Guardian: Watercolor | Process

Surprise Monday night post!

I just about finished rebranding this week!  I’m really excited about this, because I created a piece that’s entirely new to go on my business cards that I would like to talk about:

So, Happy Late Easter to those who celebrated! I’m breaking the Friday schedule to show you all a new painting, and how I used the holiday’s decor to help me.

Guardian, 12×18 watercolor painting, © 2019

The prep work for this piece took about two hours and the actual painting from sketch to painting to outlining to digital tweaks took four hours, rounding to a total of six hours.

Planning for this piece began with an idea.  I knew I wanted to paint something ethereal involving a glowing deer.  Then I made a sketch.  At that point, it was around 3 am at night and all I had on me was my phone, so I made a sketch with my finger in the notes section.  See, no excuses to not sketch!

It doesn’t have to be pretty, it just has to get the basic idea across so you don’t forget what you want to paint for later.

After that, it was a matter of finding reference photos.  The forest was easy, as there’s lots of wonderful free references of forests on  

Photo by Johannes Plenio on Unsplash

I took all my elements and pieced them together in Photoshop, but once I did so I realized there was something horribly off. 
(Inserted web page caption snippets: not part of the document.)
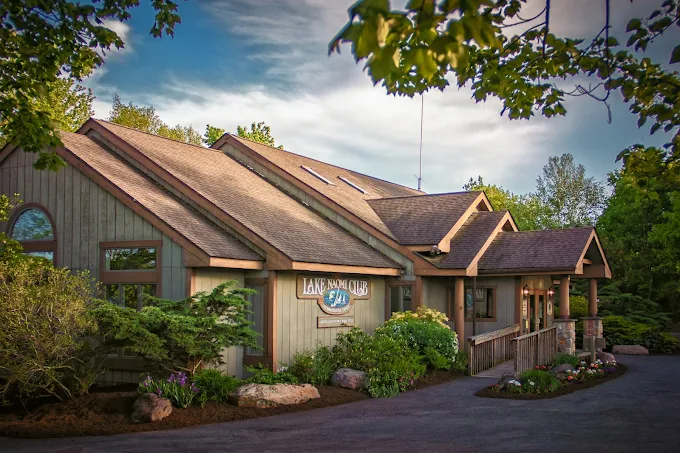 Lake Naomi Club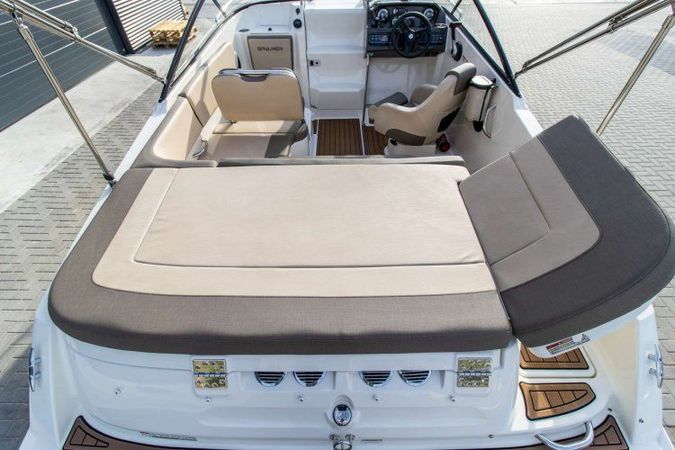 Bayliner VR5 | Mando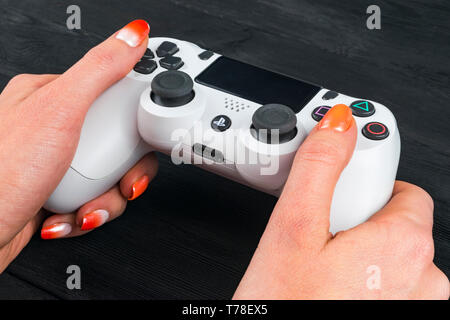 Sankt-Petersburg, Russland, 24. September 2017: Sony PlayStation 4 dualshock Game Controller in Gamer hand auf Holz Hintergrund Studio gedreht. Spiel consol Stockfoto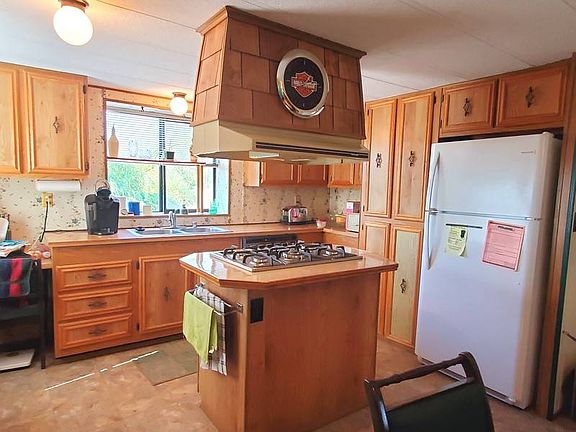 3rd image of 16340 SE 84th Ave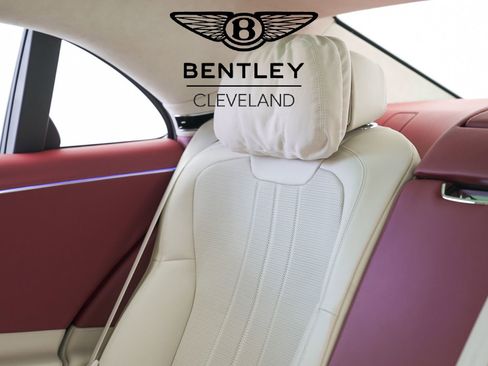Used 2023 Bentley Flying Spur V8 image 17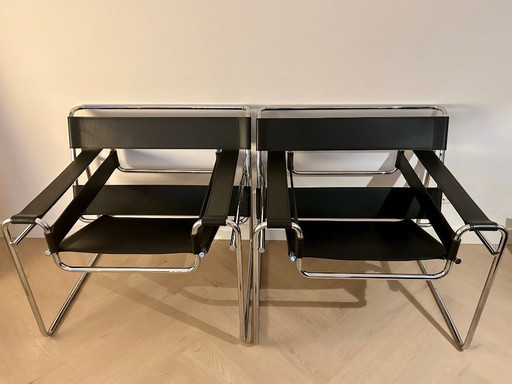 2x fauteuils Knoll Wassily en cuir noir de Marcel Breuer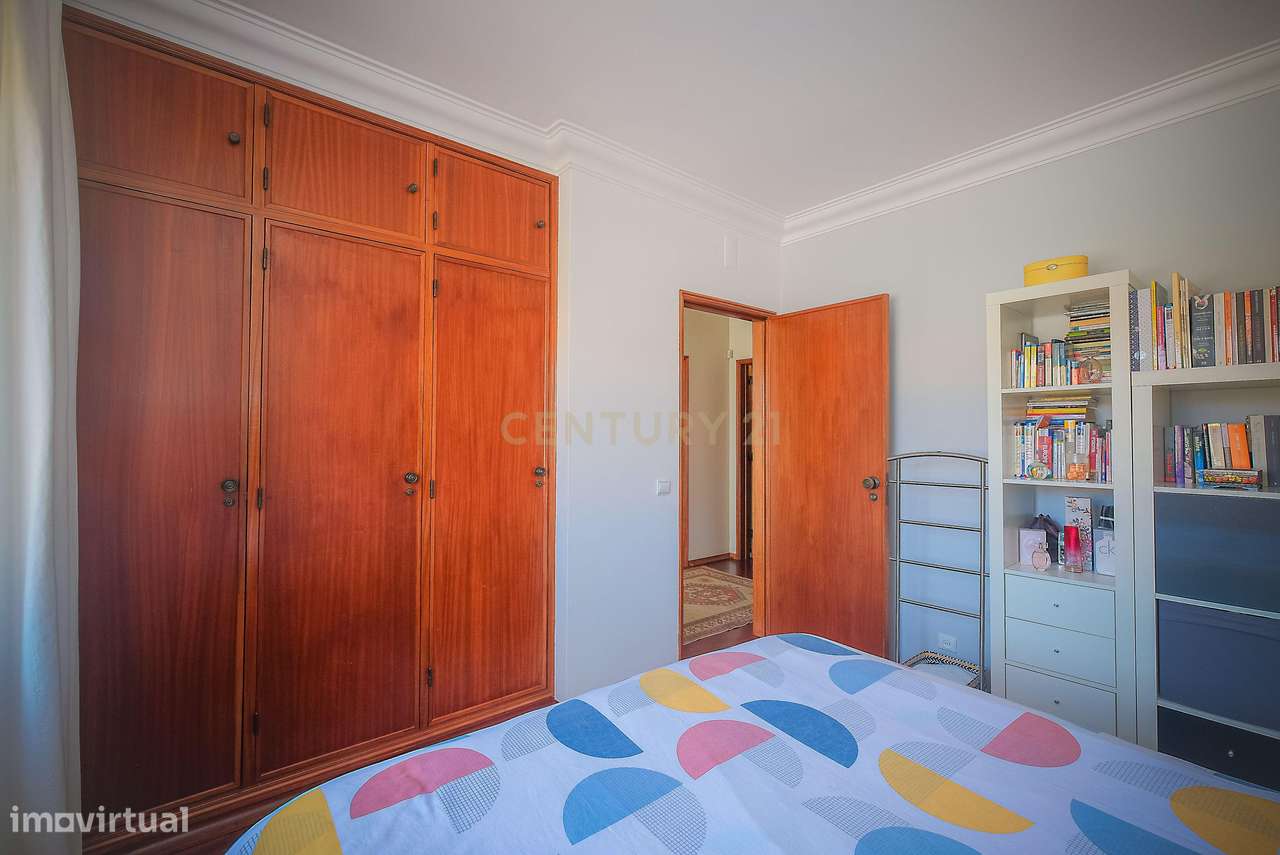 Moradia T5 em Carcavelos — Espaço, Conforto e Localização Privilegiada-18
I really wasn’t a fan of the bunny I had grabbed; the way his ears bent down made him look gloomy.  It felt as if he was looking at the deer with a heavy heart, expecting impending doom.
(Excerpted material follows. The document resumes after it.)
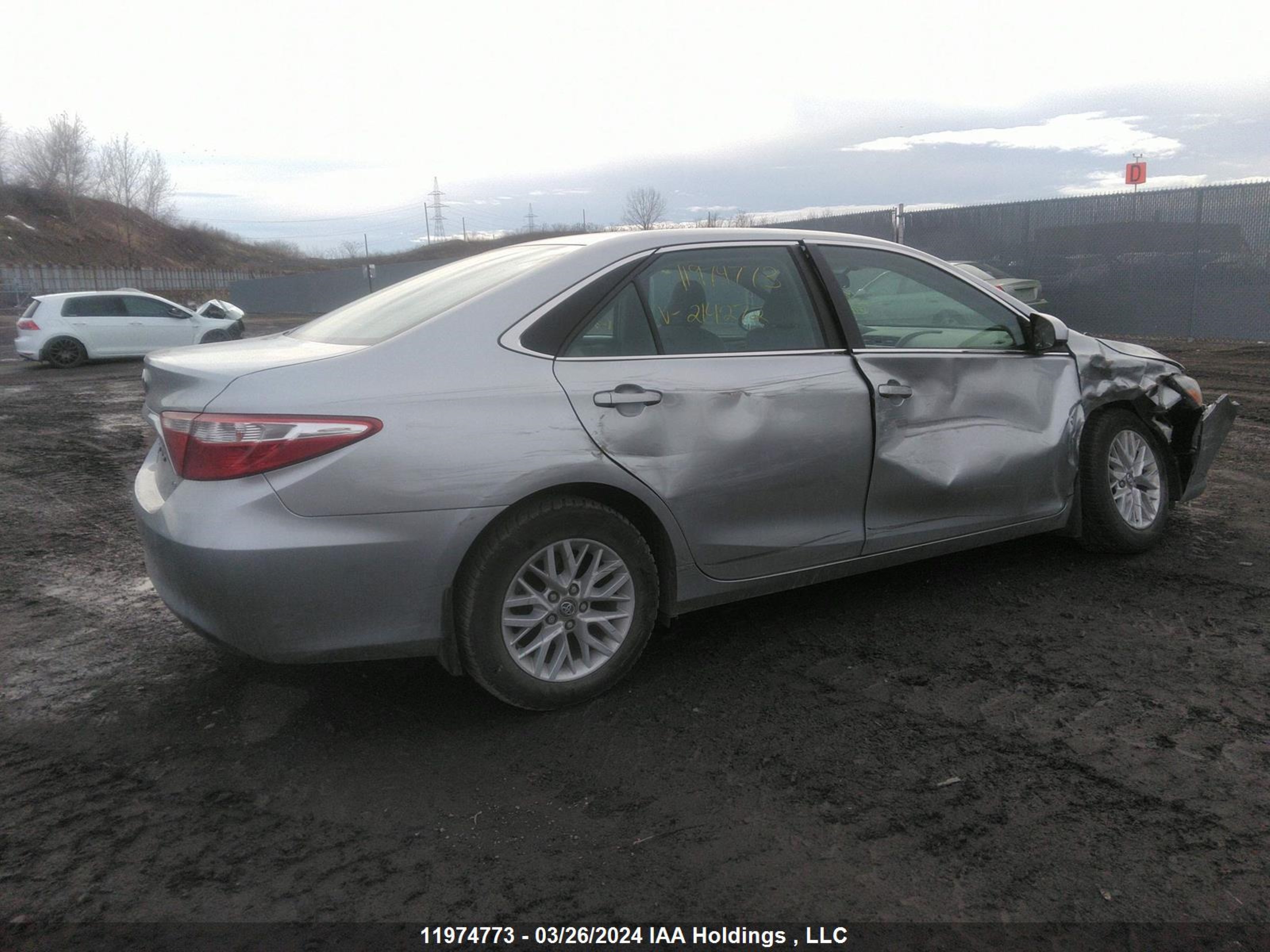 Photo 3 VIN: 4T1BF1FKXGU214272 - TOYOTA CAMRY 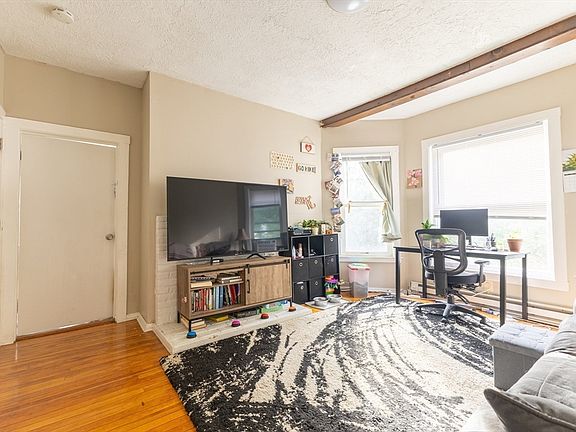 4th image of 3 Perkins St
However, no matter what I did, I could NOT find an image of a rabbit from behind that worked for me.  I wanted a bunny on alert, but all the pictures of bunnies on their hind legs were from the front.  There were hardly any pictures of bunnies from behind as it was.

That’s when I realized: Easter was only a few days away, and I was within walking distance to a mall with multiple department stores FILLED with ugly decorations of Peter Cotton Tail.  At my first store, I found this weird candle holder, turned it around, and got the perfect reference!

I flipped it vertically so his sight was in line with the deer, and viola, I had all the elements I needed to make this happen.